JAKARTA, KOMPAS - Koalisi Perlindungan Data Pribadi mendorong Komisi Pemilihan Umum tetap melindungi data pribadi pemilih dengan mengganti empat angka terakhir nomor induk kependudukan dan nomor kartu keluarga menjadi tanda bintang dalam daftar yang diberikan kepada partai politik. Hal ini bertujuan untuk melindungi data pribadi masyarakat dari potensi penyalahgunaan.
Koalisi Perlindungan Data Pribadi terdiri dari, antara lain, Lembaga Studi dan Advokasi Masyarakat (Elsam), Perkumpulan untuk Pemilu dan Demokrasi (Perludem), Aliansi Jurnalis Independen (AJI), serta The Southeast Asia of Freedom Expression Network (SAFEnet).
Mereka menyampaikan pernyataan bersama di Jakarta, Jumat (30/11/2018), sebagai respons atas sengketa informasi yang diikuti somasi oleh DPD Partai Gerindra DKI Jakarta terhadap KPU DKI Jakarta terkait data pemilih tetap (DPT).
Partai Gerindra meminta KPU DKI Jakarta menyerahkan DPT dengan nomor induk kependudukan (NIK) dan nomor kartu keluarga (NKK) tanpa tanda bintang di empat digit terakhir.
”Somasi itu harus disikapi dengan tepat oleh KPU DKI Jakarta. Kalau tidak, hal yang sama terjadi di semua daerah,” kata Direktur Eksekutif Perludem Titi Anggraini.
Anggota KPU DKI Jakarta, Partono Samino, mengatakan, KPU DKI Jakarta, Jumat, menjawab somasi ke Partai Gerindra dengan menyatakan tetap berpegang pada putusan Komisi Informasi Daerah Jakarta.
KPU DKI Jakarta sudah melaksanakan keseluruhan putusan karena tidak ada isi putusan yang memerintahkan KPU DKI Jakarta memberikan salinan DPT dengan NIK terbuka kepada Partai Gerindra.
”Kami juga sudah minta penjelasan dari Ketua Komisi Informasi Daerah Jakarta, yang menyampaikan maksud putusan itu.

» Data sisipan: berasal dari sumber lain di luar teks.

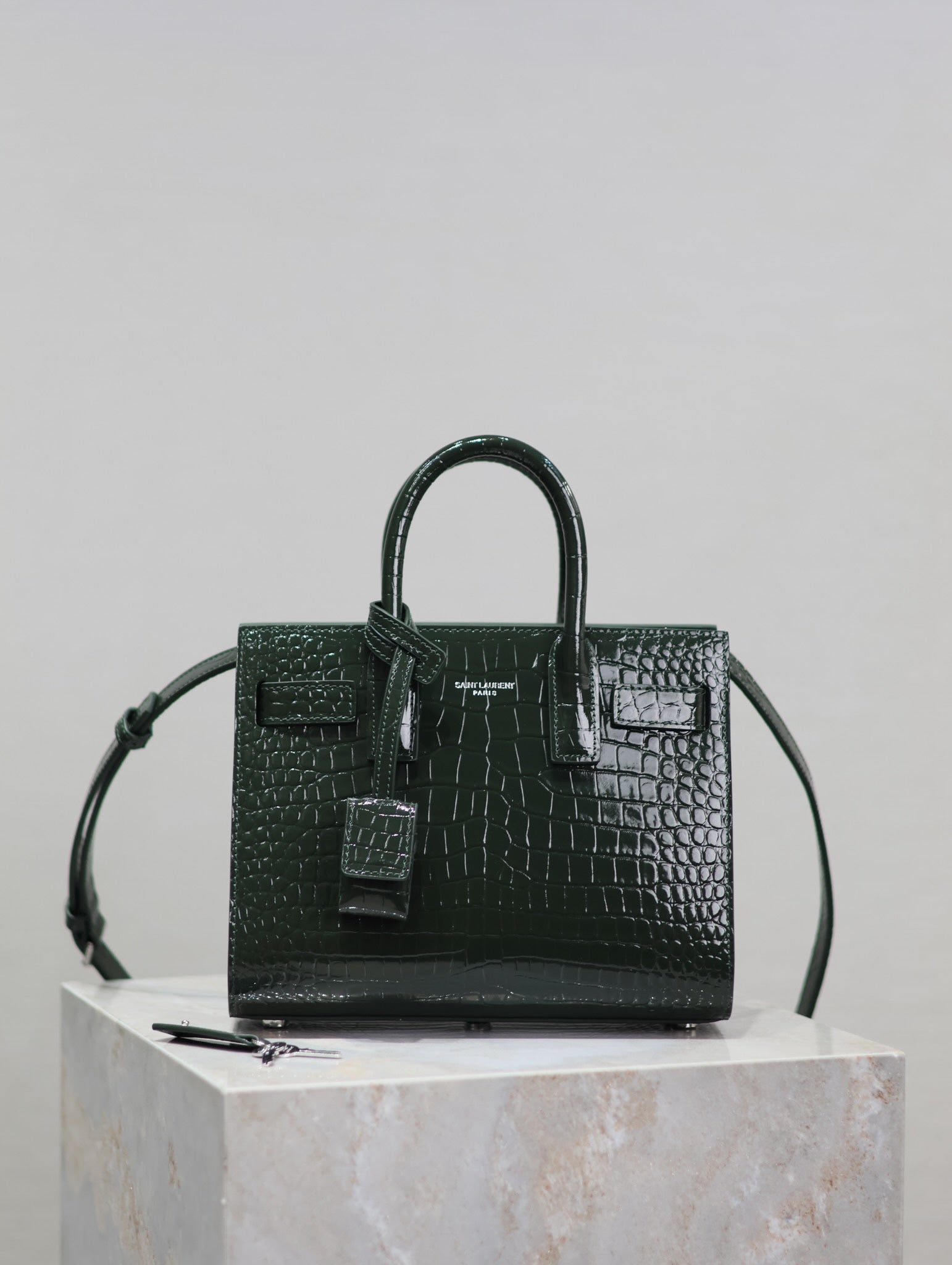 Sac De Jour Nano Bag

Terbuka dimaknai bisa diakses orang tertentu, terbatas bagi yang diundang, dan ketat hanya berlaku di ruangan, tidak boleh diberikan untuk dibawa keluar atau difoto,” katanya.
Ketua KPU Arief Budiman menyampaikan, KPU memberi bintang di empat digit terakhir NIK pemilih karena diminta Kementerian Dalam Negeri untuk melindungi data pribadi penduduk. Soal ini diatur dalam Undang-Undang Nomor 24 Tahun 2013 tentang Administrasi Kependudukan.
Tidak termasuk
Direktur Jenderal Kependudukan dan Pencatatan Sipil Kementerian Dalam Negeri Zudan Arif Fakrulloh mengatakan, sesuai Pasal 58 Ayat 4 UU Administrasi Kependudukan, setidaknya hanya lima jenis lembaga yang boleh mengakses NIK dan NKK. Partai politik tidak termasuk di dalamnya.
Secara terpisah, kuasa hukum DPD Partai Gerindra DKI Jakarta, Yupen Hadi, mengatakan, upaya somasi dilakukan berdasarkan putusan sidang Komisi Informasi DKI Jakarta yang memenangkan gugatan Partai Gerindra terkait permintaan pembukaan seluruh digit angka dalam NIK dan NKK.
”Dalam proses sidang di KIP, kami dimenangkan. Data itu normal bisa dibuka meski bersifat ketat dan terbatas,” ujar Yupen.